Scaling of plate-tectonic convection with pseudoplastic rheology
The scaling of plate-tectonic convection is investigated by simulating thermal convection with pseudoplastic rheology and strongly temperature-dependent viscosity. The effect of mantle melting is also
The scaling of plate-tectonic convection is investigated by simulating thermal convection with pseudoplastic rheology and strongly temperature-dependent viscosity. The effect of mantle melting is also explored with additional depth-dependent viscosity. Heat-flow scaling can be constructed with only two parameters, the internal Rayleigh number and the lithospheric viscosity contrast, the latter of which is determined entirely by rheological properties. The critical viscosity contrast for the transition between plate-tectonic and stagnant-lid convection is found to be proportional to the square root of the internal Rayleigh number. The relation between mantle temperature and surface heat flux on Earth is discussed on the basis of these scaling laws, and the inverse relationship between them, as previously suggested from the consideration of global energy balance, is confirmed by this fully dynamic approach. In the presence of surface water to reduce the effective friction coefficient, the operation of plate tectonics is suggested to be plausible throughout the Earth history.
💡 Research Summary
The paper investigates how plate‑tectonic style mantle convection can be sustained when the rheology of the lithosphere is represented by a pseudoplastic, strongly temperature‑dependent viscosity. By coupling a temperature‑dependent Arrhenius‑type viscosity law with a stress‑dependent pseudoplastic weakening term, the authors construct a composite rheology that captures the rapid reduction of viscosity once a critical shear stress is exceeded – a process that mimics the formation of weak shear zones in the real lithosphere. Numerical simulations are performed in two‑dimensional Cartesian geometry over a wide range of internal Rayleigh numbers (Ra_i ≈ 10^5–10^8) and lithospheric‑to‑mantle viscosity contrasts (Δη ≈ 10^2–10^6). An additional depth‑dependent viscosity reduction is introduced to emulate the effect of partial melting in the upper mantle.

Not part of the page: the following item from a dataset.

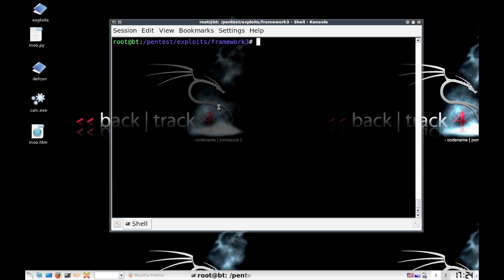In this example, we're going to evade antivirus by obfuscating our Java code within Metasploit.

The key outcome is a remarkably compact scaling framework for the heat flux (expressed by the Nusselt number, Nu). The authors find that Nu can be expressed as a function of only two nondimensional parameters: the internal Rayleigh number and the lithospheric viscosity contrast. Empirically, Nu ≈ C · Ra_i^β · Δη^γ with β ≈ 0.30 and γ ≈ ‑0.20, where C is a constant of order unity. More importantly, the transition from plate‑tectonic to stagnant‑lid convection occurs when the viscosity contrast exceeds a critical value that scales as the square root of the internal Rayleigh number, Δη_crit ≈ k · √Ra_i. This relationship implies that hotter, more vigorously convecting mantles can tolerate a larger viscosity contrast before the lid becomes immobile.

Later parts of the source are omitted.